Syrian writers issued a declaration yesterday denouncing a bloody crackdown on protests, a sign of outrage surging through the intellectual elite after days of the deadliest violence in five weeks of demonstrations.
Rights groups say security forces have killed more than 350 civilians since unrest began last month. A third of the victims were killed in the past three days as the scale and breadth of a popular revolt against Syrian President Bashar al-Assad intensified.
Foreign journalists have mostly been expelled from the country, making it impossible to verify the situation on the ground. Grisly footage posted on the Internet by demonstrators in recent days appears to show troops firing on unarmed crowds.
In the latest violence, activists said government troops and gunmen loyal to Assad shot dead at least nine civilians on Sunday in the Mediterranean coastal town of Jabla, where troops deployed following a protest the previous night.

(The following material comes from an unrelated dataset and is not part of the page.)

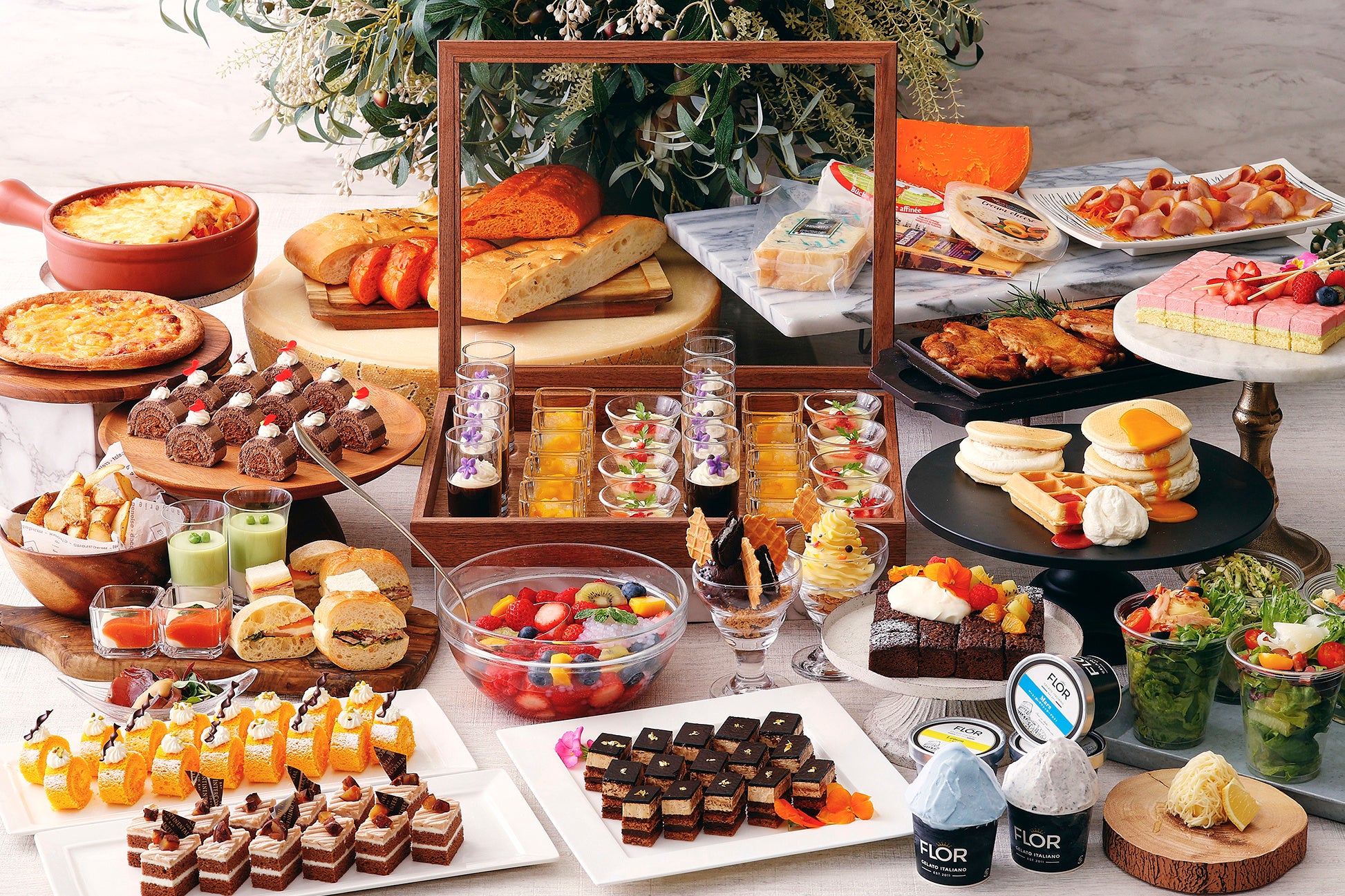 イタリアデザートの数々を堪能でき、ミニパンケーキやワッフルなどの定番スイーツや サラダ、サンドイッチ、カレーなどの軽食も充実したブッフェ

Rights campaigners said they feared Assad’s forces were preparing for an attack on the town of Nawa after reports of bulldozers and military vehicles heading there. Thousands of people in the town called for the overthrow of Assad on Sunday at a funeral for -protesters killed by security forces.
Electricity and communications were cut off in parts of Nawa by the evening and residents, some armed, erected barriers in the streets in preparation to defend against attack.
“Long live Syria. Down with Bashar!” mourners chanted during the funeral in Nawa, 25km north of Deraa, where demonstrations against Assad’s rule erupted last month. “Leave, leave! The people want the overthrow of the regime.”
In Banias, south of Jabla, protest leaders said they would cut the main coastal highway unless the siege on Jabla was lifted. Jabla is home to large numbers of -members of Assad’s Alawite Shiite minority, who had generally stayed away from protests in the past.
Yesterday’s declaration was signed by 102 writers and journalists, in Syria and in exile, representing all the country’s main sects, a sign that shock at the violence is crossing Syria’s lines of sectarian division.
It called on Syrian intellectuals “who have not broken the barrier of fear to make a clear stand.”
“We condemn the violent, oppressive practices of the Syrian regime against the protesters and mourn the martyrs of the uprising,” the declaration said.
Signatories included Alawite figures such as former political prisoner Loay Hussein; female writers Samar Yazbek and Hala Mohammad; Souad Jarrous, correspondent for the pan-Araba daily al-Sharq al-Awsat; writer and former political prisoner Yassin al-Haj Saleh and filmmaker Mohammad Ali al-Attassi.
Mansour al-Ali, a prominent Alawite figure from Homs, was arrested in his home city after he spoke out against the shooting of protesters, an activist in Homs said.
At least 100 people were killed across Syria on Friday, the highest toll of the unrest, when security forces shot protesters demanding political freedoms and an end to corruption in their country, ruled for 41 years by the Assad dynasty.
Another 12 people were killed on Saturday at mass funerals for slain protesters. Rights campaigners said secret police raided homes near Damascus and in the central city of Homs on Sunday, arresting activists.